8. Wilson Ramos. Ramos posted a solid July and has already tied his career high of 16 home runs. He’s been the most valuable catcher in baseball this year at 3.4 WAR, and doesn’t turn 29 until next week. It’s time to start considering a five-year deal as a legitimate possibility for Ramos, whose earning power has skyrocketed with his well-timed breakout.
9. Mark Trumbo. Trumbo crushed seven more home runs in July. He was the first player to reach 30 this year, and is on pace for 46 longballs for the season. Like fellow free agent slugger Edwin Encarnacion, Trumbo is a liability on defense. Trumbo strikes out more and walks less than EE, and consistently posts a low on-base percentage. For some GMs, a 40 home run, 110 RBI right-handed bat for the middle of the order still speaks for itself. Trumbo’s agent will likely be vying for a fourth year.
10. Dexter Fowler. The tenth spot came down to Fowler, Justin Turner, and Michael Saunders. A case can be made for any of them, but I’ll take Fowler by a hair. Fowler ranks eighth in baseball with a .403 OBP, and he plays center field. Teams will be wary of going four years on a player with his injury history, but he’ll still do much better in free agency this time around.
Turner and Saunders each have a shot at their first 30 home run season. Both players have already set career bests in homers. Neither Turner nor Saunders has ever played 140 games in a season, so a four-year investment would be risky.

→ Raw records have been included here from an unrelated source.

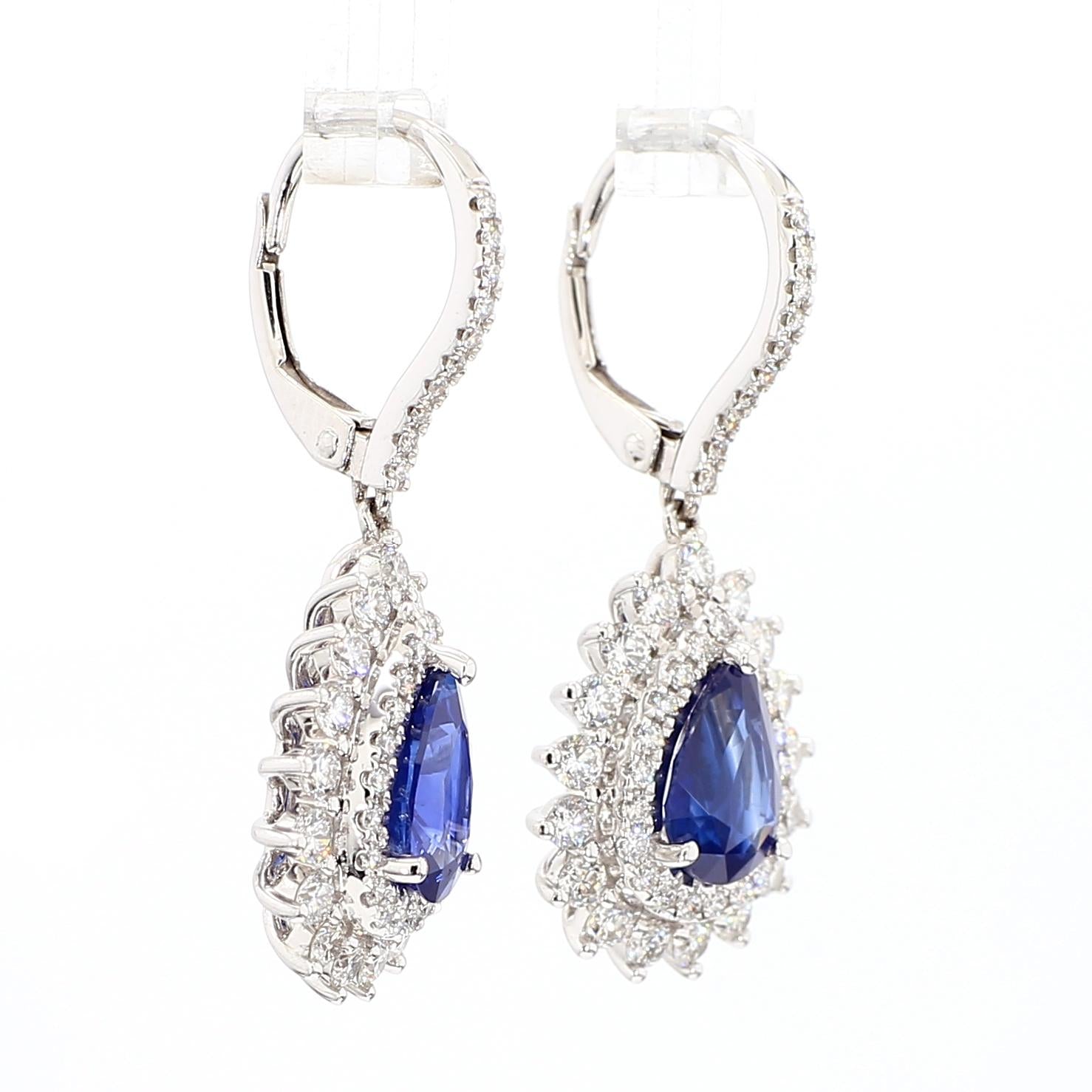 Natural Blue Pear Sapphire and White Diamond 4.40 Carat TW Gold Drop Earrings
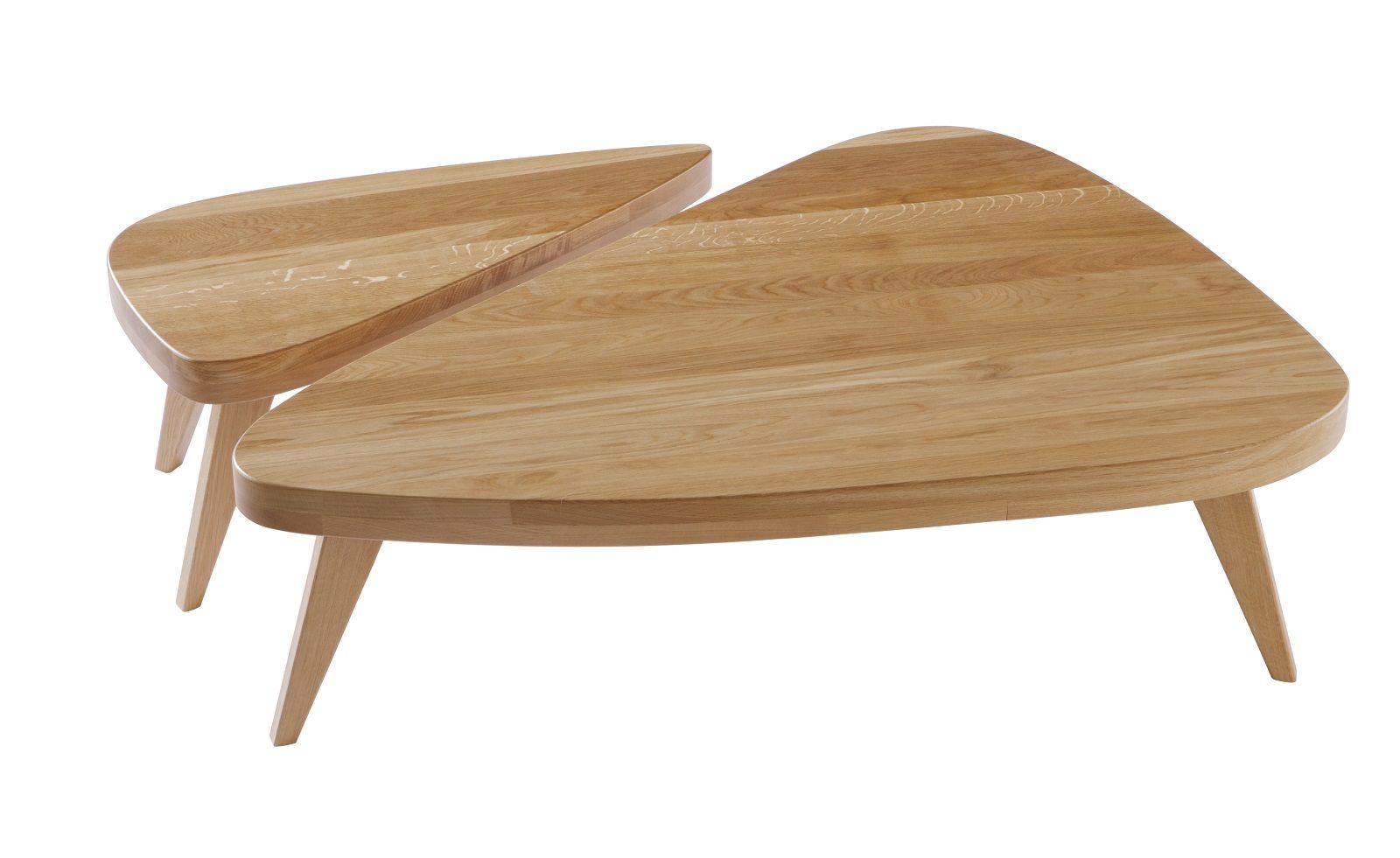 The Hansen Family Couchtisch Remix #3 aus Eiche, moderner Holztisch mit dreieckiger Tischplatte.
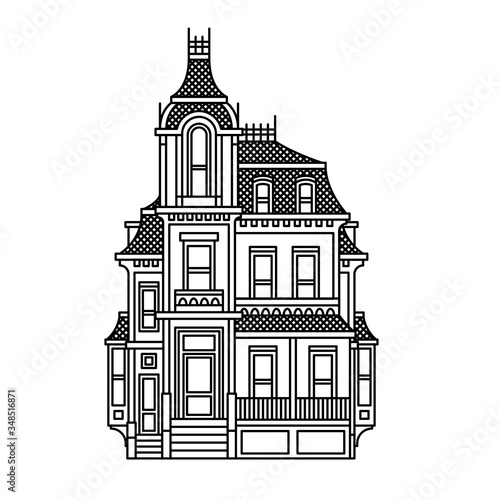 beautiful Victorian house. simple black and white vector drawing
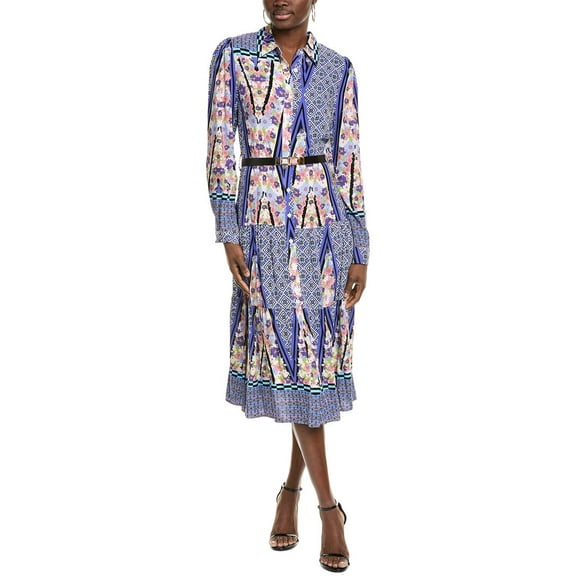 Gracia womens  A-Line Buckle Belt Midi Dress, s, Purple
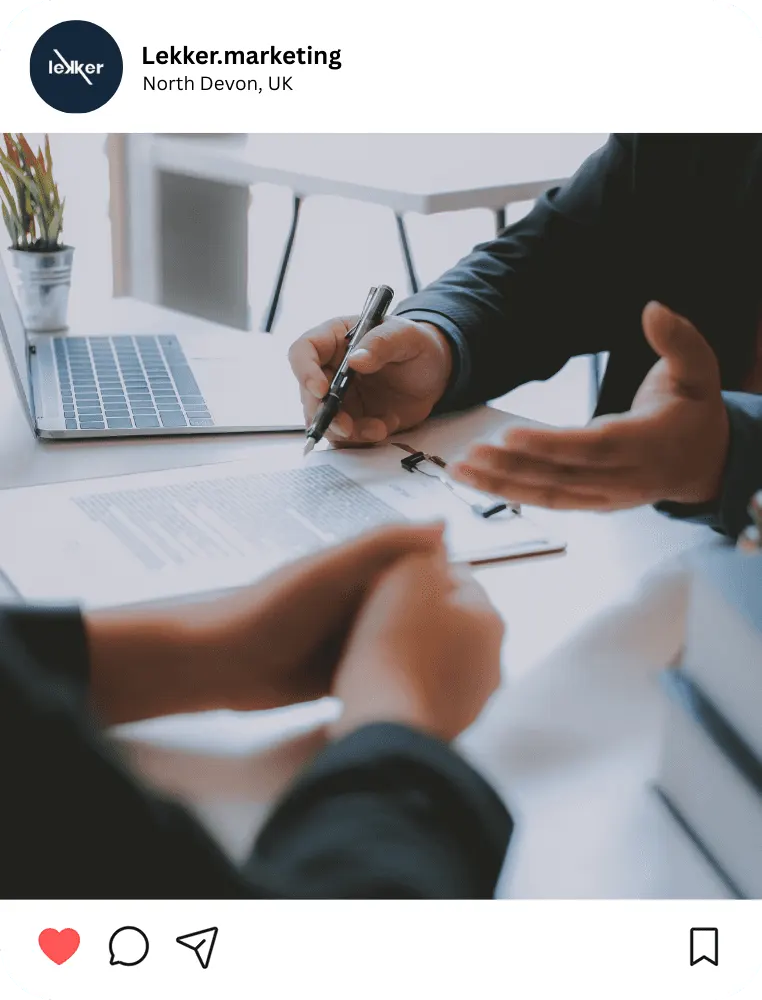 Lekker Marketing social post showing two people planning a campaign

The 2016-17 free agent market looks historically bleak for starting pitching. You’ve got Rich Hill, who has been brilliant but turns 37 in March and has been limited to 14 starts this year due to injuries. One of the top starters might be Jeremy Hellickson, who turns 30 in April and has a 3.70 ERA in 22 starts for the Phillies. Barring an August trade, however, Hellickson seems likely to come with a qualifying offer attached. There’s also Andrew Cashner, the hardest-throwing free agent starter. 30 in September, Cashner is having another middling year and will try to finish on a high note with the Marlins.